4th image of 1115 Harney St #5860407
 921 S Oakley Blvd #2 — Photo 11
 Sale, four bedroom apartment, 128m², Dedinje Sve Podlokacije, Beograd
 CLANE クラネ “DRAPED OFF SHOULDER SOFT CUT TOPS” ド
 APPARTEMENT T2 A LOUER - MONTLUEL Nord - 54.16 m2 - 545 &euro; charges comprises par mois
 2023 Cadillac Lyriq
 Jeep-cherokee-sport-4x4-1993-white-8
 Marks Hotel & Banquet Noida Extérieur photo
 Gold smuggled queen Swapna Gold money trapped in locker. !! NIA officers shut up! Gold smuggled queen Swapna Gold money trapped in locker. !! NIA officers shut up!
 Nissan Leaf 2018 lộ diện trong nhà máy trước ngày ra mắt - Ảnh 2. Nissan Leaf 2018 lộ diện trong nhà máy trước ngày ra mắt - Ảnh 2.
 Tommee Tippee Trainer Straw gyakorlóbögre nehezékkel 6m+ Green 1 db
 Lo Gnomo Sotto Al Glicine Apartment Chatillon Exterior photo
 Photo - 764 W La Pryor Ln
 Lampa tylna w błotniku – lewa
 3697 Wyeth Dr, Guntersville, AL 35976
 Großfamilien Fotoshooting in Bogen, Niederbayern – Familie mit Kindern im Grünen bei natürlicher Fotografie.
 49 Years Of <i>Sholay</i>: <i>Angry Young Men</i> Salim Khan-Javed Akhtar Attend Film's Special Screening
****************
**Work instruction**
Exact duplication is required for the lines above, from the line that contains "Tommee Tippee Trainer" to the line that contains "Großfamilien Fotoshooting in", inclusive; omit all others.

**Result of this task**
 Tommee Tippee Trainer Straw gyakorlóbögre nehezékkel 6m+ Green 1 db
 Lo Gnomo Sotto Al Glicine Apartment Chatillon Exterior photo
 Photo - 764 W La Pryor Ln
 Lampa tylna w błotniku – lewa
 3697 Wyeth Dr, Guntersville, AL 35976
 Großfamilien Fotoshooting in Bogen, Niederbayern – Familie mit Kindern im Grünen bei natürlicher Fotografie.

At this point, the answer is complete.